→ **INFORMATION PROVIDED**:
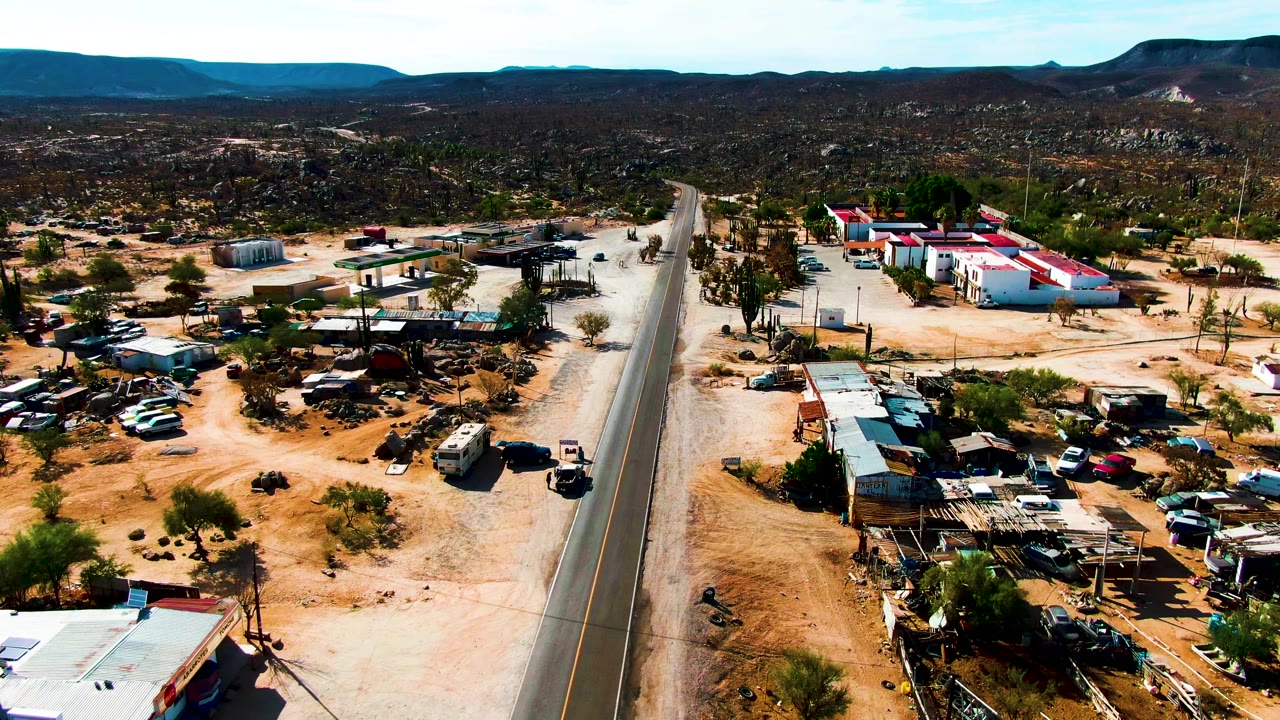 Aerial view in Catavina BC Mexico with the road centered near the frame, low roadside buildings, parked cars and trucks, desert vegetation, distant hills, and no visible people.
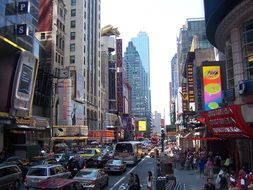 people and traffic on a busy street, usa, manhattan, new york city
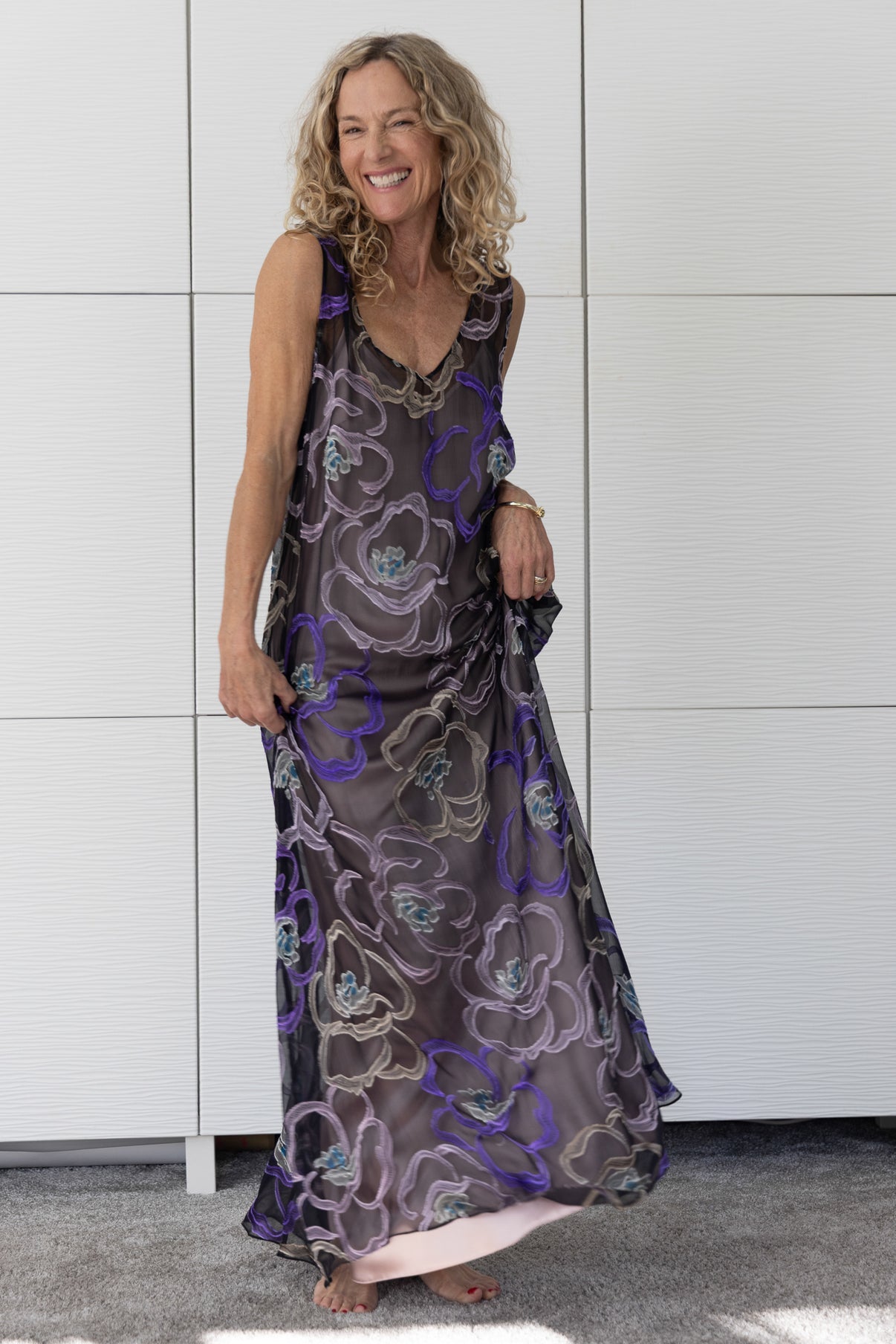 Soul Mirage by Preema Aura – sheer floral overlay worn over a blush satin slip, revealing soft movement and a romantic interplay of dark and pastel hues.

→ **TASK DESCRIPTION**: Restate the material word for word; no picture should appear in the copy.

→ **OUTPUT OF THE TASK**:
 Aerial view in Catavina BC Mexico with the road centered near the frame, low roadside buildings, parked cars and trucks, desert vegetation, distant hills, and no visible people.
 people and traffic on a busy street, usa, manhattan, new york city
 Soul Mirage by Preema Aura – sheer floral overlay worn over a blush satin slip, revealing soft movement and a romantic interplay of dark and pastel hues.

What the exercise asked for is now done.